■ Work item
Give again, word for word, every line in the entries below from the line with "Single Family House" up to and including the line with "2018-bobcat-t750-image-31", and no other line.

(Crawled caption data)
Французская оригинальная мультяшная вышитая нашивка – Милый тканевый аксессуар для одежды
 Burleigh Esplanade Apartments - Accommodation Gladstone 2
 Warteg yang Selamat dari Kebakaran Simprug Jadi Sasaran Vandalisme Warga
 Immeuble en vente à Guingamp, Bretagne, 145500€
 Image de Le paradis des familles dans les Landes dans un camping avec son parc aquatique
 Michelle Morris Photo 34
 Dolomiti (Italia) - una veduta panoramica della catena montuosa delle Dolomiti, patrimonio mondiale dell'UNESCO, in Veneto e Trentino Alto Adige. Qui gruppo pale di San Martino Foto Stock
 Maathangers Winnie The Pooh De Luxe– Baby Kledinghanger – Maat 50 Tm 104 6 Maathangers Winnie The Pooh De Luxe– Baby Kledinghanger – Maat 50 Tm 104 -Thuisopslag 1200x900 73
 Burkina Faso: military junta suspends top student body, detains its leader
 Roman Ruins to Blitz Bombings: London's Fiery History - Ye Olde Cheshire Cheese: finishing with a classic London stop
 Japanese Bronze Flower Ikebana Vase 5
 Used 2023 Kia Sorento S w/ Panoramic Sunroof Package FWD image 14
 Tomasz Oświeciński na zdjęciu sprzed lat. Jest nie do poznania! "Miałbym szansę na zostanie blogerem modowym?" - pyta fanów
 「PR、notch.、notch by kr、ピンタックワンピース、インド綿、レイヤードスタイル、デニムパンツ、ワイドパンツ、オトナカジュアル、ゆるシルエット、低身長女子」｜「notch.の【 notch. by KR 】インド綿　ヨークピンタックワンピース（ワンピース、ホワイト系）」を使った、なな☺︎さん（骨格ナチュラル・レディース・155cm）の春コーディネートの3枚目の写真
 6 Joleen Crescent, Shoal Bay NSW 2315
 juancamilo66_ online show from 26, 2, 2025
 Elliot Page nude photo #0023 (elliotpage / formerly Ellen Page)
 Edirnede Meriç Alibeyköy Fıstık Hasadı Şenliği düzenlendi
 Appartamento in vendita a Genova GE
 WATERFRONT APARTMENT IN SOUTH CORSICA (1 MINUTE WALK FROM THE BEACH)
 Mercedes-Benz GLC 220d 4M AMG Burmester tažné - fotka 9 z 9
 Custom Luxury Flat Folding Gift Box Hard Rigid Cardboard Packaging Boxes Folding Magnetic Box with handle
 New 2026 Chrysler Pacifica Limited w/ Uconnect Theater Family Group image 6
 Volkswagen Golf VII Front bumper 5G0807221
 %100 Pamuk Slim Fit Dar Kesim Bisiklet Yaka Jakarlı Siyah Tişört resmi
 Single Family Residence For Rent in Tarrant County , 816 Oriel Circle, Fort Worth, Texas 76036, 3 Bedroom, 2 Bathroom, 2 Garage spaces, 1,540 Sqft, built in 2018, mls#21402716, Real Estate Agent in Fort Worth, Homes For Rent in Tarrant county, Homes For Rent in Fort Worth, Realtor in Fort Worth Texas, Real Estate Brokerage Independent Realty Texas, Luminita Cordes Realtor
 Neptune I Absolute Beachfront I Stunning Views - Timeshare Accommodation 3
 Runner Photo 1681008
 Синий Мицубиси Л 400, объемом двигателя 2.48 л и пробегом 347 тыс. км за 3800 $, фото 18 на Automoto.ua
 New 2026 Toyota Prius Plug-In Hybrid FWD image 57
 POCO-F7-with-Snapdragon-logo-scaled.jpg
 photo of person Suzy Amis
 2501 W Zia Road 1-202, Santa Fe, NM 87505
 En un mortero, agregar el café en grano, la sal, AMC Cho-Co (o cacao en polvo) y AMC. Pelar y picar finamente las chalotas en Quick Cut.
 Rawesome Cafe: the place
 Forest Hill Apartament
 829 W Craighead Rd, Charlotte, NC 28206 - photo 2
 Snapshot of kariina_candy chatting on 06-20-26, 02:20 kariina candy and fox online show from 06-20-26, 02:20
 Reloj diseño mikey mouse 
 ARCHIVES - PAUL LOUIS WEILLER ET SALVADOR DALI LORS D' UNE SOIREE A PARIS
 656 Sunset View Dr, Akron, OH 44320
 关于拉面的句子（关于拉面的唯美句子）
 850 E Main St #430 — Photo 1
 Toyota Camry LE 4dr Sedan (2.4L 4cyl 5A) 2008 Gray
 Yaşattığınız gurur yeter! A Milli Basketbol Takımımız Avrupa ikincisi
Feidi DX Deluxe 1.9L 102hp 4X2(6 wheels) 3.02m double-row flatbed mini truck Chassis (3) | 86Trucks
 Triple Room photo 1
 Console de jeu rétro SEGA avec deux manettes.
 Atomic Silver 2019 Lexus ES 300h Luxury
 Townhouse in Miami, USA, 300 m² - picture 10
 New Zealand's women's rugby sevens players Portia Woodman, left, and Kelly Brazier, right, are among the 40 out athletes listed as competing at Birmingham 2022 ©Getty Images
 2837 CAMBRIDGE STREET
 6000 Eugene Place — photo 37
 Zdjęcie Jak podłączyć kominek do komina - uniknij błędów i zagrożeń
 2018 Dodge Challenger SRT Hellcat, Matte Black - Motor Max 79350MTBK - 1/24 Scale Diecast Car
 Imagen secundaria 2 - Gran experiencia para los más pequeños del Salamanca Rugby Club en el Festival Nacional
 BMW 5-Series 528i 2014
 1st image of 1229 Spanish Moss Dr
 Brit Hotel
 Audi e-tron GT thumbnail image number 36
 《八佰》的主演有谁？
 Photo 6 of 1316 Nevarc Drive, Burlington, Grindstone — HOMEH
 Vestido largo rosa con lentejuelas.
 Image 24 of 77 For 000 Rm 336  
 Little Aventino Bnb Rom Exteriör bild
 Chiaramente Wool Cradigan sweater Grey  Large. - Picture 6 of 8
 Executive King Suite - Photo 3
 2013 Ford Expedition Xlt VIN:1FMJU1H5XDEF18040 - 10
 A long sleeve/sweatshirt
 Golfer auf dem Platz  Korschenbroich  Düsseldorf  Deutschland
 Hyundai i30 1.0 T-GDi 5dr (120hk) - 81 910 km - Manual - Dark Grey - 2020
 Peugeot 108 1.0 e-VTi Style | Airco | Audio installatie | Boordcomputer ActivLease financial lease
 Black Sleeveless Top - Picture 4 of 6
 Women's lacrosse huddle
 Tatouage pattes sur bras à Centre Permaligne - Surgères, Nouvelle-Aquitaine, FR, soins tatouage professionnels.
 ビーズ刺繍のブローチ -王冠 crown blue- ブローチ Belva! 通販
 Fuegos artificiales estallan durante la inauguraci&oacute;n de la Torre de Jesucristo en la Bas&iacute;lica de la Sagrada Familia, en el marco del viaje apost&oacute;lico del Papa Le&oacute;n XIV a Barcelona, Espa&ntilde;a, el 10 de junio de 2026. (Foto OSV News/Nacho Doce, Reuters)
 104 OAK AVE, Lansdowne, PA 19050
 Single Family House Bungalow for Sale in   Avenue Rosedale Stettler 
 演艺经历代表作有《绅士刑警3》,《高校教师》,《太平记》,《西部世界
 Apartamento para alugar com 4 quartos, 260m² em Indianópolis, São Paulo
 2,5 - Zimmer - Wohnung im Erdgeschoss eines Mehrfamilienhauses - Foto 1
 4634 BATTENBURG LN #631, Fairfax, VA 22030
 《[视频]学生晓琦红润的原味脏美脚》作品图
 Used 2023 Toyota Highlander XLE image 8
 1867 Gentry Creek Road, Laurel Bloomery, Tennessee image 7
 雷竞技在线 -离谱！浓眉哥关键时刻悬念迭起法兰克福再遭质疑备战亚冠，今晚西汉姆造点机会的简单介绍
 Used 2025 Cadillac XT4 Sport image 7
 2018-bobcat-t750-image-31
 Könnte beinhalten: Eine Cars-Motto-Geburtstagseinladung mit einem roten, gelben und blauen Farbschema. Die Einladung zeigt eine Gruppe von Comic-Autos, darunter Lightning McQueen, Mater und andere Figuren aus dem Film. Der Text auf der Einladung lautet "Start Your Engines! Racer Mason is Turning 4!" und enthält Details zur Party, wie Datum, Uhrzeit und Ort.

■ Answer to this task
 Single Family House Bungalow for Sale in   Avenue Rosedale Stettler 
 演艺经历代表作有《绅士刑警3》,《高校教师》,《太平记》,《西部世界
 Apartamento para alugar com 4 quartos, 260m² em Indianópolis, São Paulo
 2,5 - Zimmer - Wohnung im Erdgeschoss eines Mehrfamilienhauses - Foto 1
 4634 BATTENBURG LN #631, Fairfax, VA 22030
 《[视频]学生晓琦红润的原味脏美脚》作品图
 Used 2023 Toyota Highlander XLE image 8
 1867 Gentry Creek Road, Laurel Bloomery, Tennessee image 7
 雷竞技在线 -离谱！浓眉哥关键时刻悬念迭起法兰克福再遭质疑备战亚冠，今晚西汉姆造点机会的简单介绍
 Used 2025 Cadillac XT4 Sport image 7
 2018-bobcat-t750-image-31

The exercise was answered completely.